# [INPUT FOR THIS TASK]
+ + + + + + +
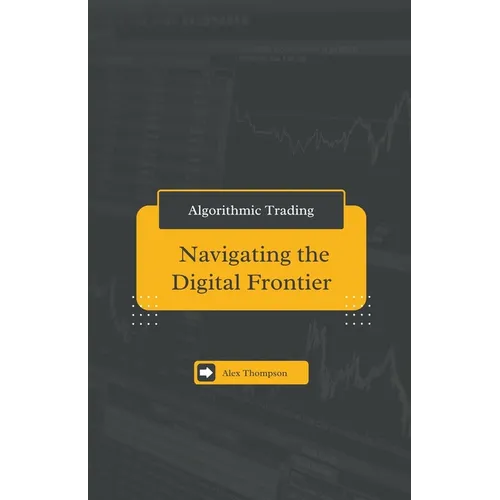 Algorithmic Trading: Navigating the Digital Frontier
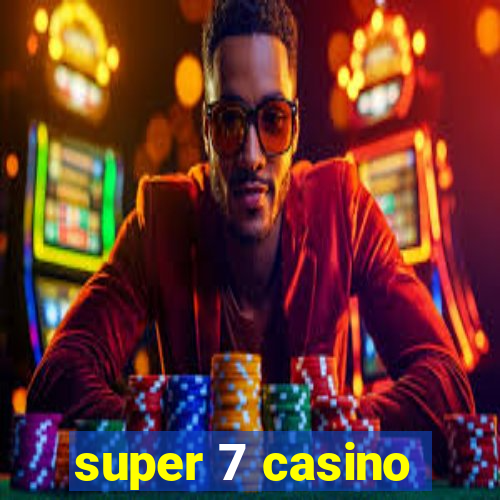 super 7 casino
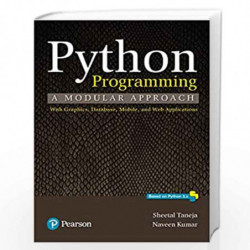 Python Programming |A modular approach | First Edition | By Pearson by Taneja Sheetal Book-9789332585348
+ + + + + + +
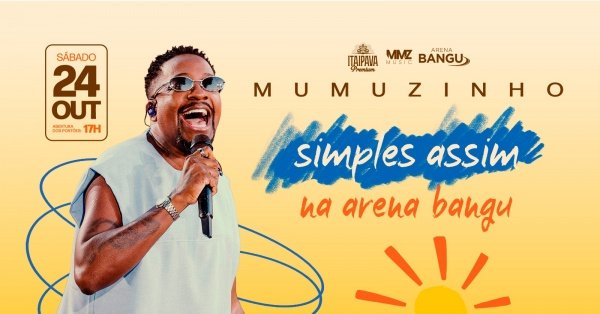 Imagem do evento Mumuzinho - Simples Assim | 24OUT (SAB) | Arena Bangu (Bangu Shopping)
+ + + + + + +
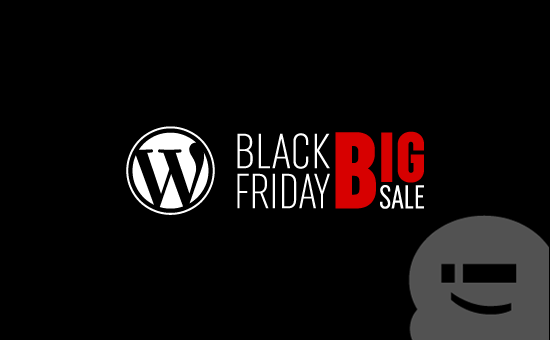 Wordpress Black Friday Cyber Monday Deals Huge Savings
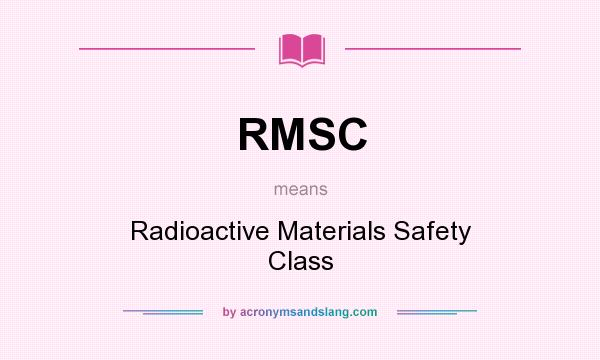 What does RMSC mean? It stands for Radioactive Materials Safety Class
+ + + + + + +
# [TASK PROMPT]
In the data above, find the line containing "Algorithmic Trading: Navigating" and the line containing "Python Programming |A". Copy exactly the stretch from the first through the second, both included, leaving out any picture.

# [SOLUTION TO THE EXERCISE]
 Algorithmic Trading: Navigating the Digital Frontier
 super 7 casino
 Python Programming |A modular approach | First Edition | By Pearson by Taneja Sheetal Book-9789332585348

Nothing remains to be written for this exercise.